The result is a film that is the meeting point between the absurd and reality, where asylum seekers are portrayed as like us, with hopes and heartbreaks, stripped of the dehumanising stereotypes that filter a Western lens.
“The film is a world that has one foot in reality and another in the surreal and absurd, and a balance of absurdity but also social realism, so it's still real and authentic and truthful, but is not perhaps what we're used to seeing from stories about the subject matter. It uses absurdist deadpan humor and pivots and uses drama as well, finding a kind of tonal balance,” says Sharrock.
While there’s realism in the storyline, the language of metaphor is marked in Limbo. Filmed in the Uists, although the island portrayed is definitely mythical, the Scotland we see is not the tourist board tartan and turquoise seas on a sunny day ideal, but a more familiar landscape battered by wind, rain and snow, in which various worthy and weird inhabitants co-exist with the refugees.

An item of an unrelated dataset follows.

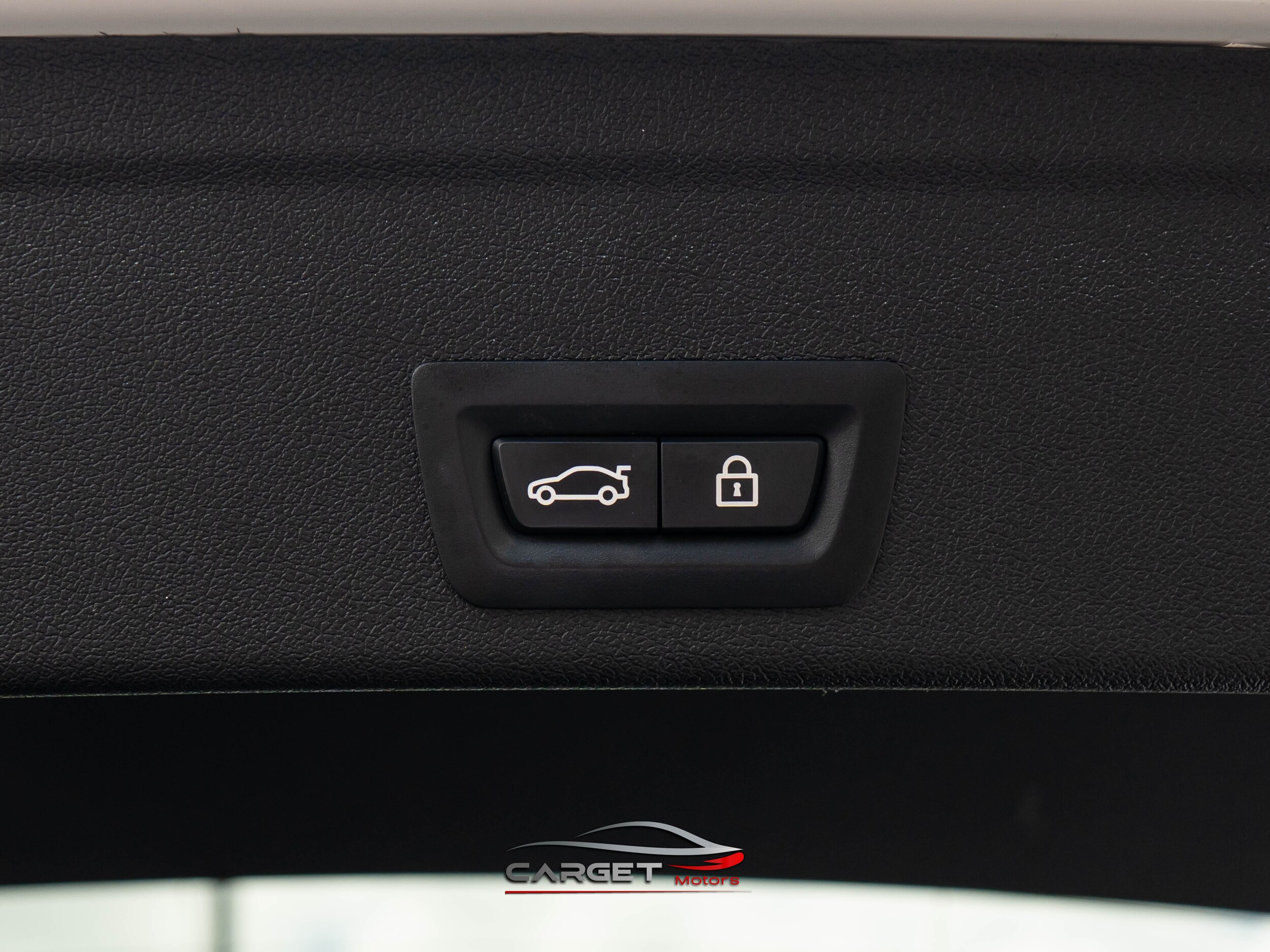 Vehicle image 47 of 52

“The way in which I see films and want to make films, is that the form is really important to me,” says Sharrock. “The cinematic language is embedded in the style of storytelling, which is metaphorical, so the island is a real Hebridean island in one sense, but in another is actually a metaphorical island, a purgatorial island.”
“Elements of the island, the seasonal changes, the long roads that go on forever towards the horizon, that’s what kind of stuck out to me when I visited Uist for the first time and the film is about the journeys of these people, for Omar it’s the road he’s traveling, both physically but also emotionally in terms of him struggling with his identity.”
“So I wanted to put as much of that as possible into every single frame of the film.”
Uist was chosen to represent the island, in part because Sharrock was there when he was writing some of the script and it became interwoven with it, and also because the location search to find somewhere easier to shoot found nowhere could replicate it.
“It became apparent Uist had this incredibly unique quality that captured what I was trying to do, what was in my head, and what I felt I could feed into the language of the film.”
However, Sharrock is at pains to point out that the locals depicted in the film aren’t those on Uist, although the real-life islanders embraced the 80-strong crew, letting them film in their homes, providing boats and dogs and sheep.
“This has to be quite clear, that it isn't Uist in the film,” says Sharrock. “It is a fictional space, a purgatorial island rather than anywhere real, and the locals in the film are not locals on Uist. They are characters from a variety of places such as Helga and Morris who are English and Danish and deliver cultural awareness classes, having made their homes on this fictional island, and it's more about the pan-European response to the refugee crisis with the attitudes that we have, rather than specific to a Scottish Island.”
Much of the wry humour in the film comes from the cultural clash of European sensibilities and those of the refugees, bemused by the cultural awareness classes or the open mic night at a community centre.
While the island is metaphorical and there are more in the film, some things are also exactly what they appear to be, such as the oud, and a chicken, as Sharrock explains.
“The oud is a traditional Syrian musical instrument, and is one of the central metaphorical threads. It embodies Omar's identity and soul and he carries it around all the time. Made from walnut, which is indigenous to Syria, it’s his grandfather's and has an etching on it which is the garden of his family home in Damascus, so it’s connected to his home, family, culture and country. His friend Farhad says he’s carrying a coffin for his soul as the case was deliberately made in the shape of a coffin, and that's related to his grief for the loss of identity. When he comes alive again, it’s through the music and his talent as a musician, through his oud.”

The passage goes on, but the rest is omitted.